#### Supplied data
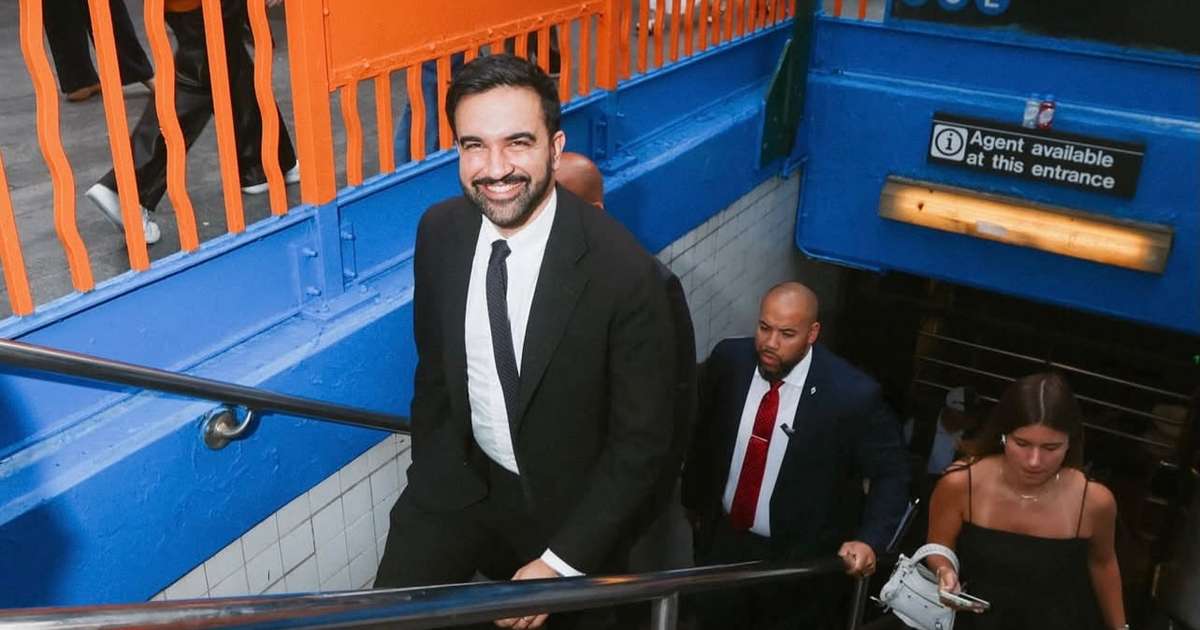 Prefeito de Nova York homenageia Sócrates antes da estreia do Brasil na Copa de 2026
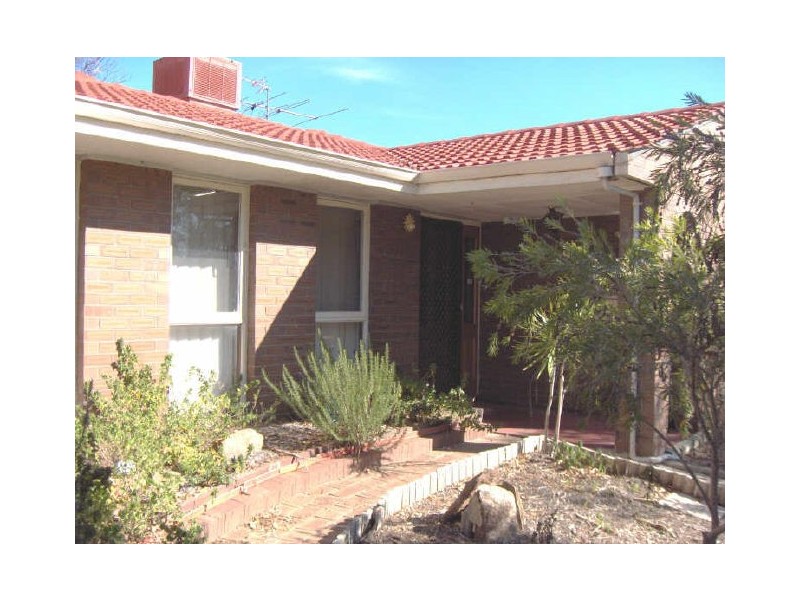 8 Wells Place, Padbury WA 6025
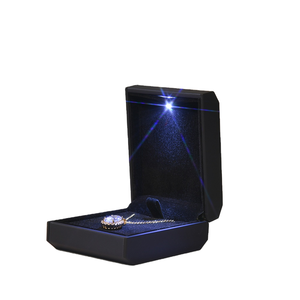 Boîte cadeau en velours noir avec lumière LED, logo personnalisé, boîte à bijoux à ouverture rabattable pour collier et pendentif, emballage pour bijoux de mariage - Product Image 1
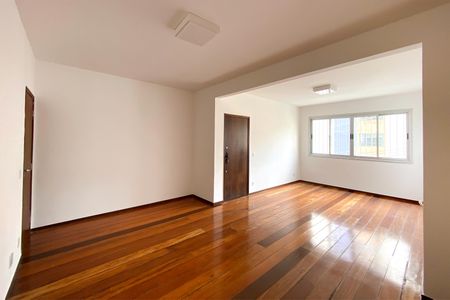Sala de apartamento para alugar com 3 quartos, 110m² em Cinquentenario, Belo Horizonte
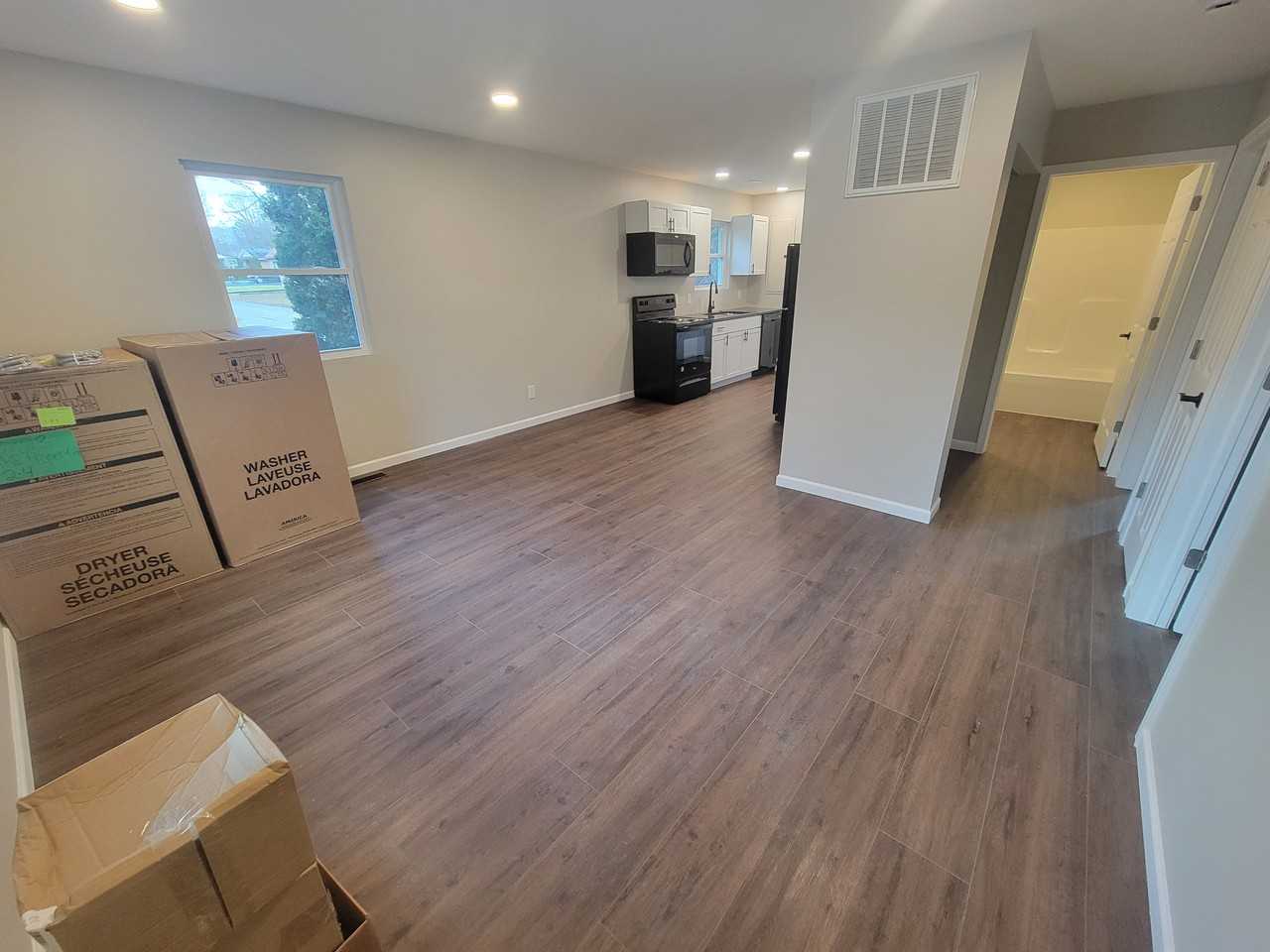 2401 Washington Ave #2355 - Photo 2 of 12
########
#### Supplied data
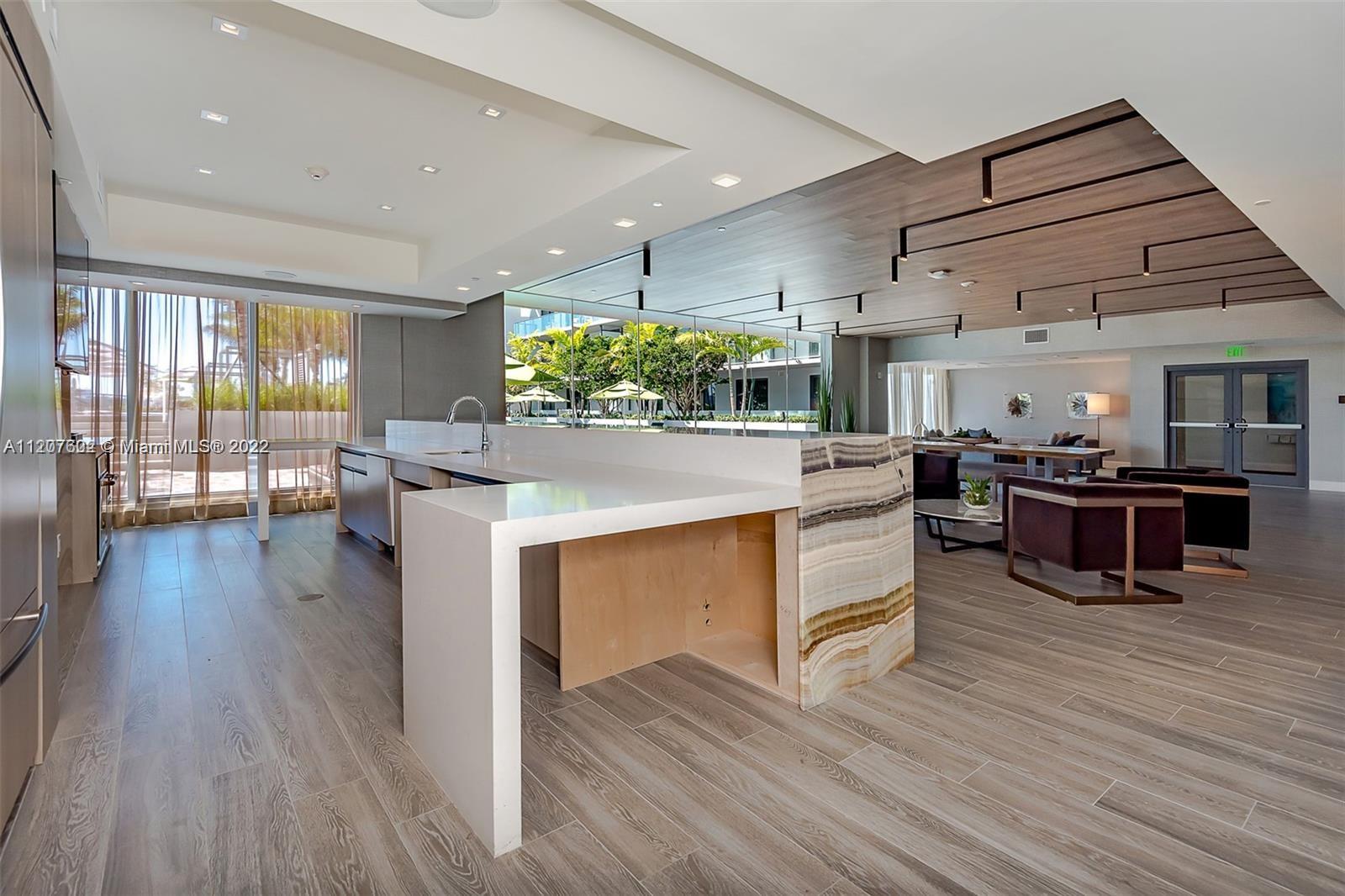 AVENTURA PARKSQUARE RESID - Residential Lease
########
What the task asks ▸
Above are some records; quote exactly and only the lines that begin at the line containing "Sala de apartamento" and stop after the line containing "2401 Washington Ave #2355 - Photo 2 of 12", leaving out the pictures.

Result of this task ▸
Sala de apartamento para alugar com 3 quartos, 110m² em Cinquentenario, Belo Horizonte
 2401 Washington Ave #2355 - Photo 2 of 12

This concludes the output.